### [What is needed]
The output must match the lines from the first line of the listing below through the line holding "Bouteille d'eau réutilisable" exactly and must contain no pictures.

-- Given data follows --

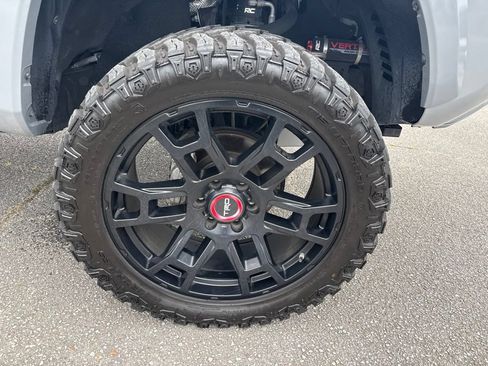 Used 2021 Toyota Tacoma TRD Sport AWD/4WD image 34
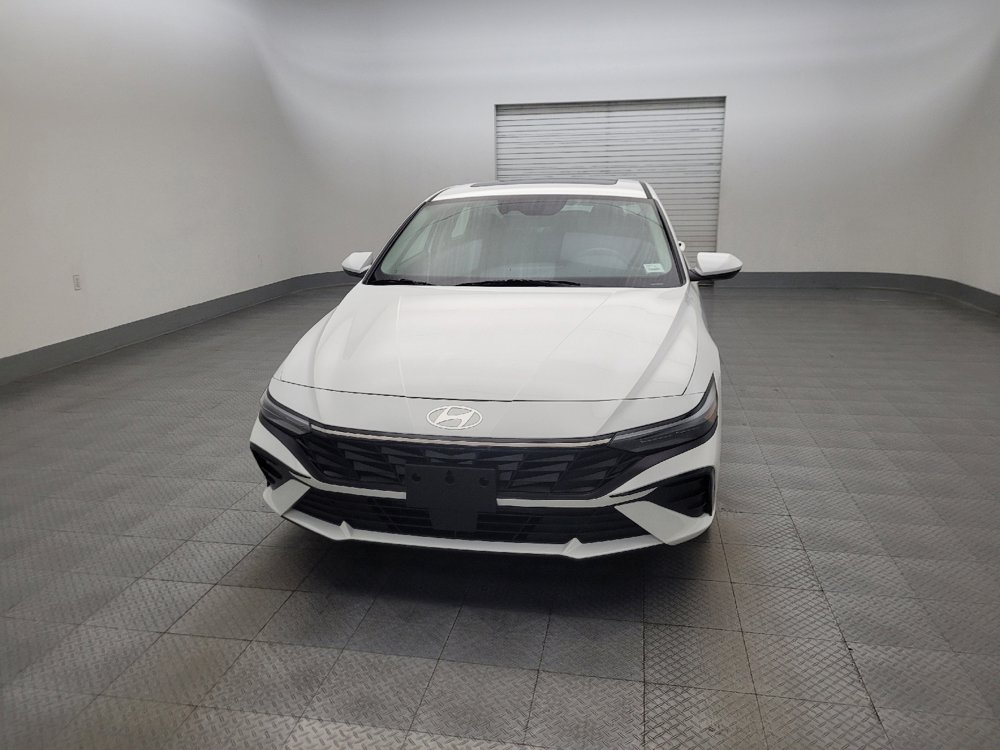 Used 2025 Hyundai Elantra SEL FWD image 15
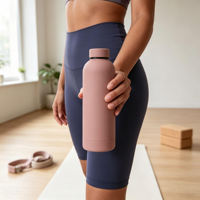 Bouteille d'eau réutilisable en acier inoxydable YEWAYOGA de haute qualité, anti-fuite, design moderne, peinte par pulvérisation, pour la salle de sport, l'entraînement et l'école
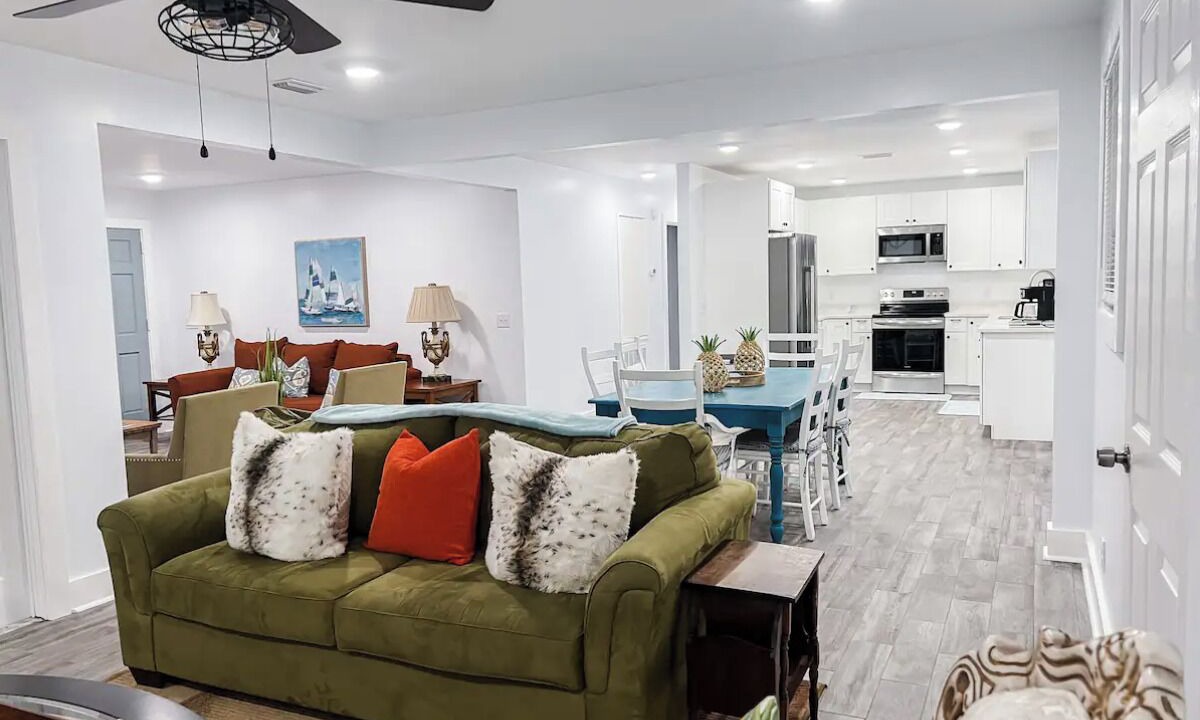 Photo of Livingroom in Country Club Estates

-- Given data concluded --

### [Output for this task]
 Used 2021 Toyota Tacoma TRD Sport AWD/4WD image 34
 Used 2025 Hyundai Elantra SEL FWD image 15
 Bouteille d'eau réutilisable en acier inoxydable YEWAYOGA de haute qualité, anti-fuite, design moderne, peinte par pulvérisation, pour la salle de sport, l'entraînement et l'école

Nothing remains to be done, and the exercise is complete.